As this journey of the Pope is interesting from
various points of view, it seems worthwhile to give it at the same length as it
has been given to us by the papal biographer. There accompanied the Pope two
bishops, three priests, Gregory the deacon, afterwards the great Pope Gregory
II, the secundicerius, the first of the defensors,
or agents, the (private) treasurer, the nomenclator, the keeper of the archives (scrinarius), two
subdeacons, and a few inferior clerics. At Naples the Pope was met by the
exarch John, who, on leaving the Pope, went to Rome, and, for some reason quite
unknown to us, proceeded to decapitate four officials of the papal court—the
majordomo, the treasurer, the ordinator and an abbot. Passing on to Ravenna, he met with a most shameful death, a just
reward, as the Pope’s biographer thinks, of his great crimes. Meanwhile the
Pope sailed on to Otranto, touching at Sicily, Reggio, Cotrone and Gallipoli,
in Calabria. At Otranto, where he passed the winter, he was visited by the Regionarius Theophanius,
who brought with him an imperial mandate, to the effect that, wherever the Pope
touched in the course of his journey, he was to be received by the judges as
though he were the emperor. When the winter was over the Pope sailed to
Constantinople by way of the island of Ceos. To the seventh milestone from the
city went forth the populace in their holiday attire to meet the Pope. At their
head were the emperor’s young son Tiberius and the nobility, with the patriarch
Cyrus and his clergy. Mounted on beautifully caparisoned horses from the
imperial stables, the Pope wearing his mitre, the papal party were escorted in triumph to the palace of Placidia. This
palace, the usual residence of the papal apocrisiarii when at Constantinople,
stood where once stood old Byzantium, and where now stands the old Seraglio,
and so was beautifully situated at the eastern end of the promontory which
separates the Sea of Marmora from the Golden Horn, commanding a view of the
Asiatic coast. Justinian, who was then at Nicaea in Bithynia, at once wrote to
the Pope to express his joy and thankfulness for his coming, and begged him to
come as far as Nicomedia. Thither the emperor made his way; and there, with the
imperial crown upon his head, he prostrated himself before the Pope on his
arrival and kissed his feet. Then, whilst all admired the emperor’s humility,
the Pope and emperor embraced. On Sunday the emperor received Holy Communion at
the hands of the Pope; and whilst praying the Pope to intercede for his sins,
he renewed all the privileges of the Church. As to what passed between
Justinian and the Pope in the course of their conversation, the biographer of
the latter gives us no further information in his Life of Constantine. But it is the general opinion of historians,
supported by what will be immediately cited from the life of Gregory II, that
the two discussed the Quinisext Council. By the aid of his deacon Gregory, the
Pope succeeded in satisfying the emperor without compromising his See. “When
questioned by the emperor on certain chapters”, says Gregory’s (II) biographer,
“he (Gregory) solved every difficulty by his admirable answers”. As Hefélé
remarks, Constantine took the middle course which we know that John VIII
afterwards took, i.e., he approved those canons of the Trullan synod which were not opposed to the
faith, good morals, or the decrees of the Roman Church.

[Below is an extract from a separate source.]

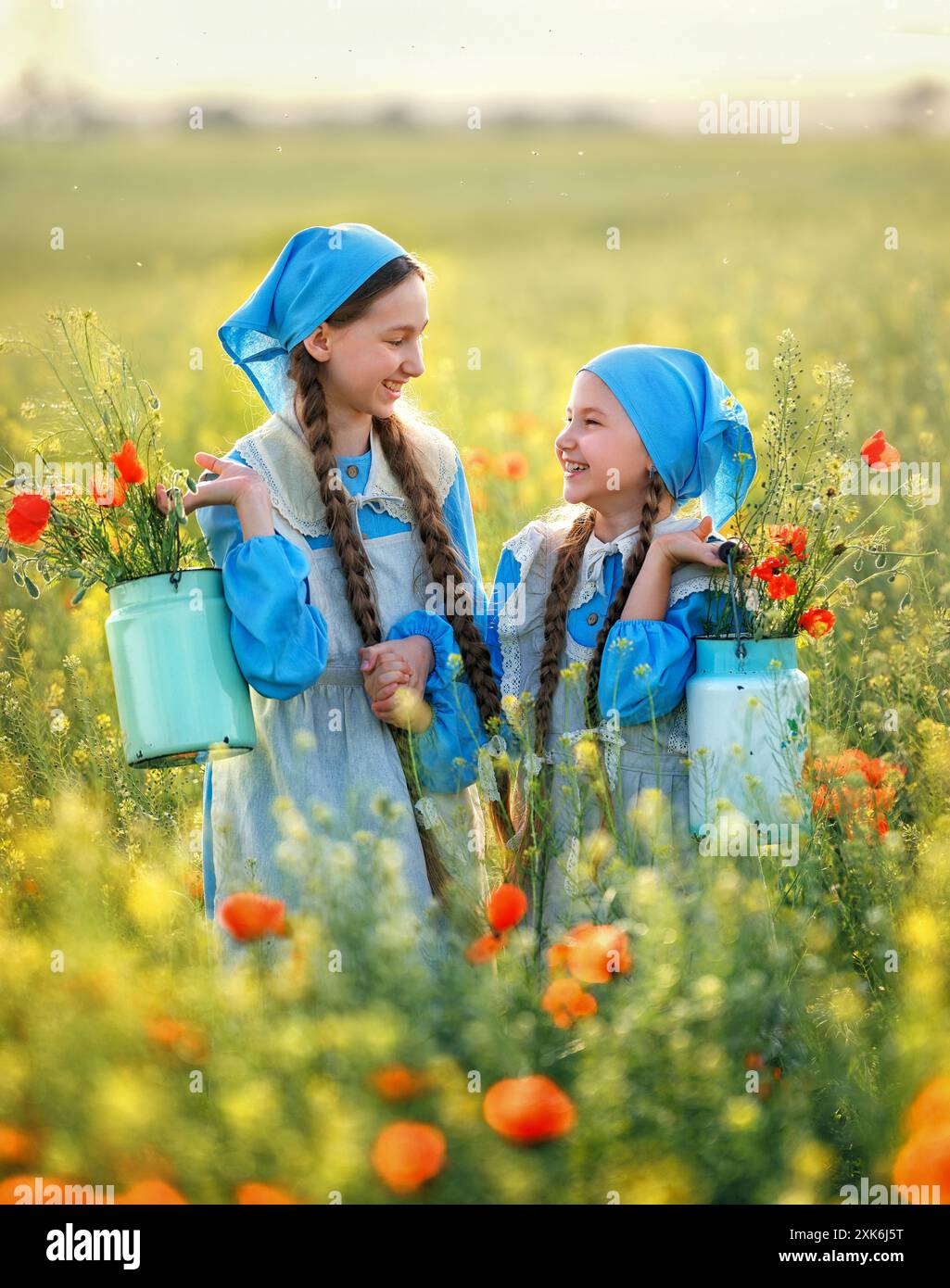 Soeurs. Portrait d'enfants mignons filles dans le champ de pavot. Enfants en robe bleue heureux avec bouquet de coquelicots au coucher du soleil d'été Banque D'Images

Despite a great deal of sickness on his return
journey, the Pope reached Rome (October 24, 711) in safety, to the great joy of
the people.
Soon after the Pope’s arrival in Rome, the
bloodthirsty Justinian, whom the papal biographer, on the principle, it would
seem, that one ought to speak of men as one finds them, calls “orthodox and
most Christian”, was slain, and Philippicus (Bardanes), a heretic, reigned in
his stead! The first thing that this “luxurious and extravagant” prince did was
to attempt to revive the Monothelite heresy. By so doing, remarks Finlay, “he
increased the confusion into which the empire had fallen (by the frequent
revolutions that had occurred from the date of the first accession of Justinian
II), and exposed the total want of character and conscience among the Greek
clergy, by re-establishing the Monothelite doctrines in a general council of
the Eastern bishops” (712 AD). The letter
which he sent to the Pope was replete with heresy.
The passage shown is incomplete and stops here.